Recuerdo
como si fuera hoy mi primera caída de una bicicleta. Yo tenía
apenas 8 años y acababa de aprender a dominar el velocípedo que
siempre hubo en la casa familiar. Era una bici sin barra que, decían,
había pertenecido a un cura que vestía sotana, allá por los años
60 del pasado siglo. Pesaba cerca de 15 kilogramos y obviamente era
relativamente fácil de manejar cuesta abajo y no al revés. El caso
es que orgulloso de mi nueva habilidad, hice mis pinitos recorriendo
la calle principal del pueblo y quise saludar a cuantos vecinos
encontré en el camino, especialmente a la señora Felisa, amiga de
la familia y notario oficioso del lugar.
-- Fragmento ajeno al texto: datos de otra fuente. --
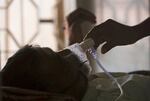 A person's hand adjusts the oxygen mask of a tuberculosis patient at a hospital.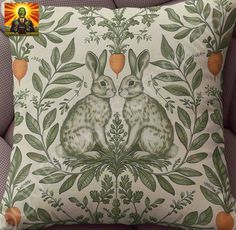 a pillow with two rabbits sitting on top of it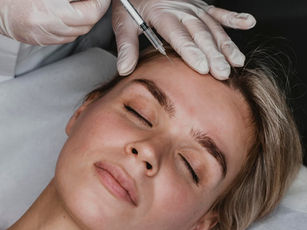 Close-up of a person receiving a cosmetic injection in the forehead. Eyes closed, relaxed on a white pillow. Gloved hands are visible.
Pero cometí el error del
principiante, soltar una mano del manillar y, como no me daba el
cuerpo para ir sentado en el sillín mientras pedaleaba, hice honor
de forma inmediata a la Ley de la Gravedad, acabando hecho un guiñapo
en brazos de la señora Felisa, el primer buen samaritano que conocí
en mi infancia.
-Jesús
-se quejaba mi benefactora-, esta juventud.
Recuerdo
que mantuve el tipo y no lloré, no fuera que se enterara mi abuela querida de alguna más de mis flaquezas.